So only issue is that I haven't been able to get my cruise working. I have used the vag-com to test every switch involved etc and gotten nowhere. I also have done a TB adaptation with no success. A friend was telling me that I might need to rewire my speed sensor but I dunno about that. I have a 01 2.0 AEG so I thought things would be simple. 06A 906 018 BG is my ECU part number.


----------



## brettpotts89 (Dec 3, 2009)

I had to wire a speed sensor on my trans. I didn't see it being done in the thread I read to do my swap. I looked up the wiring in the Bentley manual and found where to run everything. I can't tell you right now wether or not that is your problem but your friend was right about the speed sensor needing to wire it up. I personally haven't finished after a year and a half the cruise switch because of lack of motivation.


----------



## Idream2.0speed (Dec 31, 2006)

brettpotts89 said:


> I had to wire a speed sensor on my trans. I didn't see it being done in the thread I read to do my swap. I looked up the wiring in the Bentley manual and found where to run everything. I can't tell you right now wether or not that is your problem but your friend was right about the speed sensor needing to wire it up. I personally haven't finished after a year and a half the cruise switch because of lack of motivation.

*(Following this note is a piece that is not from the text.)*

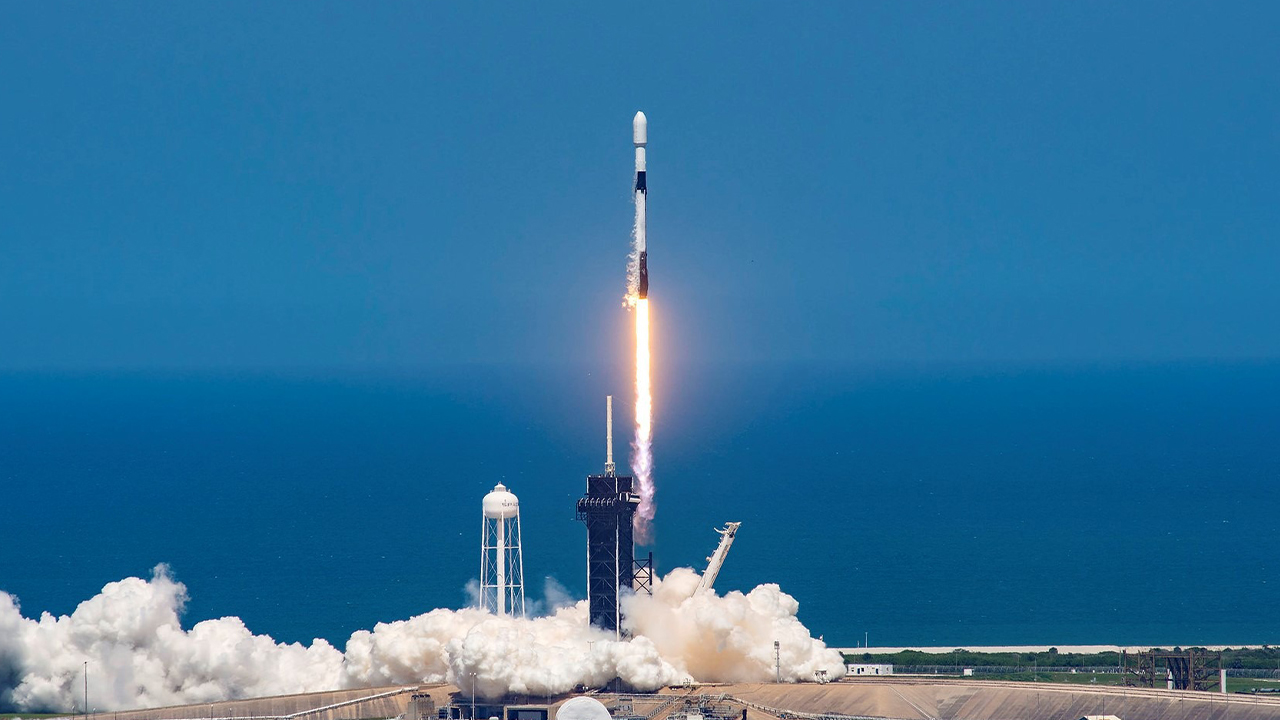İsrail uzaya uydu fırlattı! Elon Musk aracı oldu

 By wire the switch wdym? Bc the auto has two vss's and I used the connector that's connects in with the throttle body stuff as well but not sure if the other one had relevance with cruise control also. My speedo works fine and I have no cels but I'm just lost.

Sent from my SPH-L900 using Tapatalk 4 Beta


----------



## brettpotts89 (Dec 3, 2009)

There are two switches on the clutch pedal that need to be wired in. One for safety so you can't turn on the car without pressing the pedal in. The other is so cruise disengages when you press the pedal in. There is one speed sensor on the transmission I don't know know the others on a 2.0.


----------



## Idream2.0speed (Dec 31, 2006)

Yeah the autos have a vehicle speed sensor and a transmission speed sensor both say they go to the TCM. Bentley doesn't really say much more.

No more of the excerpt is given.